I am shooting an 08' Hoyt Katera. Fast and Flat. although I am shooting Easton Full Metal Jacket arrows which are a little heavy, but awesome penetration. Shooting a Viper sight, Hoyt drop away rest, Fuse Stabilizer, 

In general, the Katera is great, they get knocked a bit for there weight, but don't let them fool you, that weight is accuracy... !%


----------



## Boston30 (Nov 14, 2006)

I've shot a Trykon for the past 2-yrs and have been very happy with it. I added an STS string stopper and it got even quieter with less vibration. My experience is that it's a little heavier than a Mathews but has a smoother draw. It's an awesome bow that will be hard to beat.


----------



## gf319804 (Mar 6, 2007)

I have a Hoyt LaserTec, and I just don't care too much for the Cam and a Half design. This year makes the third year that I have been hunting with this bow, and I have killed 4 deer with it so far, but I have never felt completely comfortable with shooting it. Don't get me wrong, the bow shoots great, but with the Hoyt's Cam and a Half, once you hit the let-off point, it seems like your back wall is right there. With my shooting style, I like to relax once I draw my bow back and hit the back wall, but with this bow, if I do that, then it just wants to take off in my hands. There is almost "0" play from let-off to back wall, so for me, I have to continue to pull steady once I'm completely drawn, and that is not how I feel comfortable shooting.

Next year, I will be purchasing a new bow, and it won't be a Hoyt. I am going to go with a single cam bow, and I am going to shoot them all until find one that suits my shooting style. I'm not at all trying to deter you from buying a new Hoyt, just sharing my experience with you. Hoyt makes a great bow, but it's just not the right bow for me. 

My suggestion to you, would be shoot all the bows you are interested in, and see what feels good in your hands, instead of listening to someone else, like I did...


----------



## JTRESS (Mar 28, 2008)

I am shooting the Katera with the new Z3 cam. I have never shot the cam and a half. The Z3 has a removable pin on the cam, that when removed it gives you a bit of a softer backwall. 

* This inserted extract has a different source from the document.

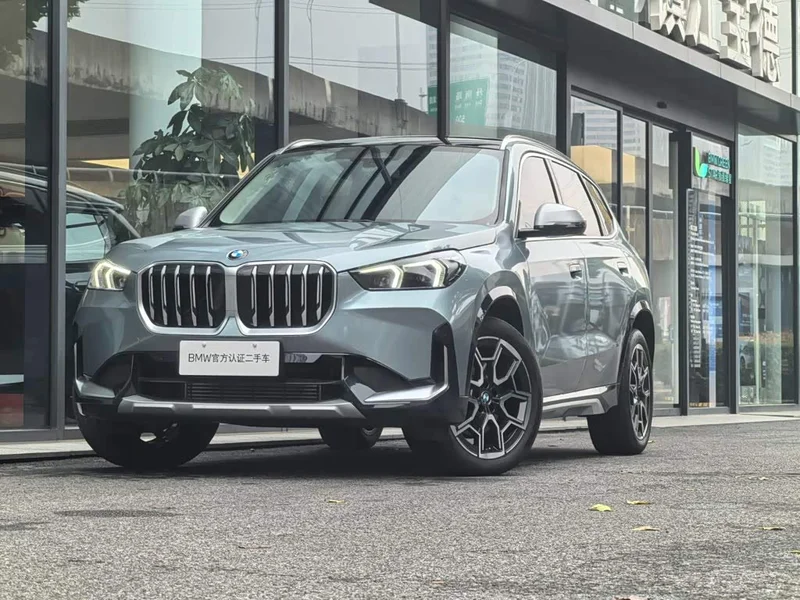BMW X1 — фото 1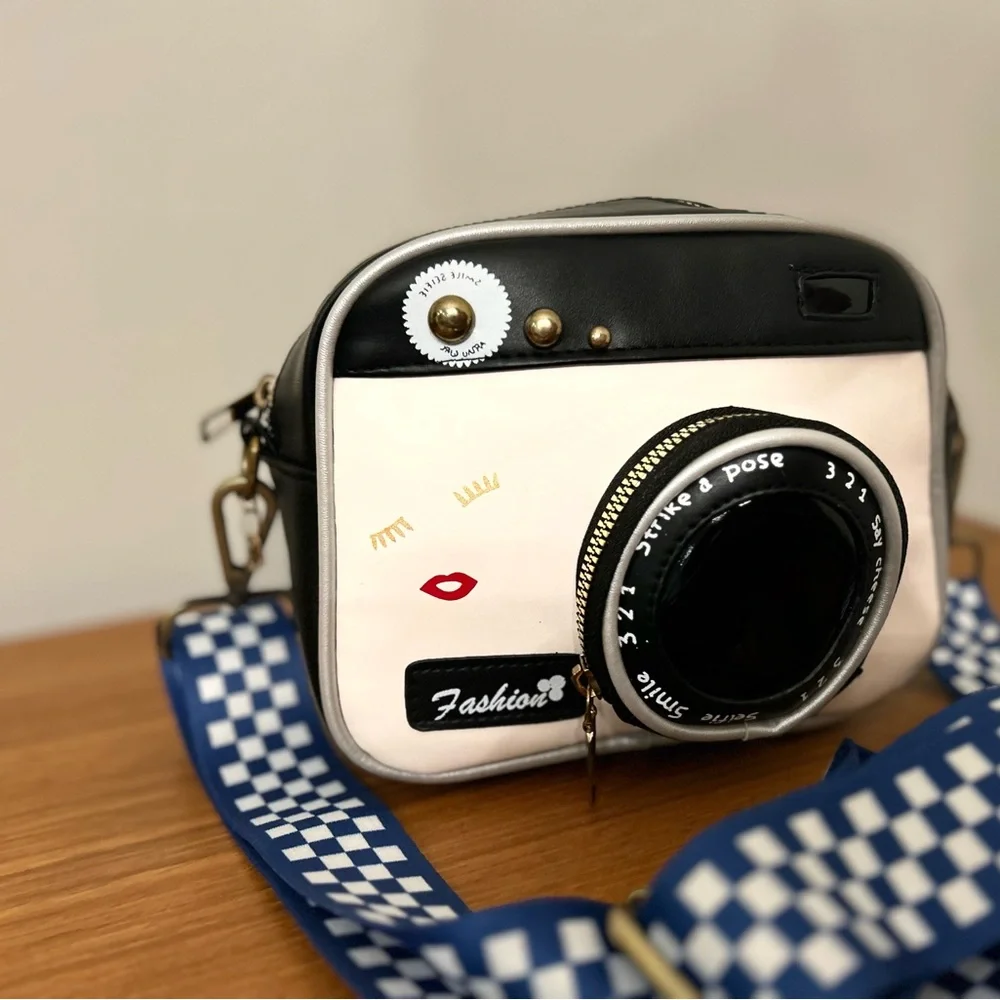 N/A stylish camera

Best advice though is to go and shoot the new bows, I went to Fin Feather and Fur planning on getting a new PSE, because that is what I always have shot, but after shooting the Hoyt, I left with a Hoyt. I would not buy a new bow without shooting it first..


----------



## buckeyeguy (Aug 20, 2006)

I just got a Hoyt PowerHawk a month or so ago. This is my first compound, and I shot upwards of 10 different bows before going with mine. I have shot a few hundred arrows through it so far and have had no problems with it. The Katera was the last bow I shot before buying the PowerHawk. 

I'll agree with gf319804 that the three Hoyts I shot do tend to want to creep. I shot the 33" Katera and didn't like the short brace hight. I got my arm several times with it. It was also a little heavier than I would prefer, but like JTRESS said, it does help the bow more steady. 

Of all the bows I shot, what really sold me on the Hoyts was the grips. I would swear that the grip on my bow was made just for me. Several of my friends also complimented on the grip. One buddy has a Bear Game Over and he wants to try to make a similar grip for his bow.


----------



## Skarfer (Jan 27, 2006)

I just traded my horton crossbow for a Hoyt Raider Intruder - dual cam and LOVE this bow! I haven't made it into the woods with it yet, but have shot it several times and it's just so amazingly accurate it's downright scary!


----------



## JTRESS (Mar 28, 2008)

The Hoyt grip is good, but try this: I shoot 3-D's in the summer and I take my grip completely off my bow, Cosmetics may not look as nice, but with a smaller contact area on your hand your groups at long distances will shrink. Come hunting season my grip goes back on though, since the riser gets to cold to hold...!%


----------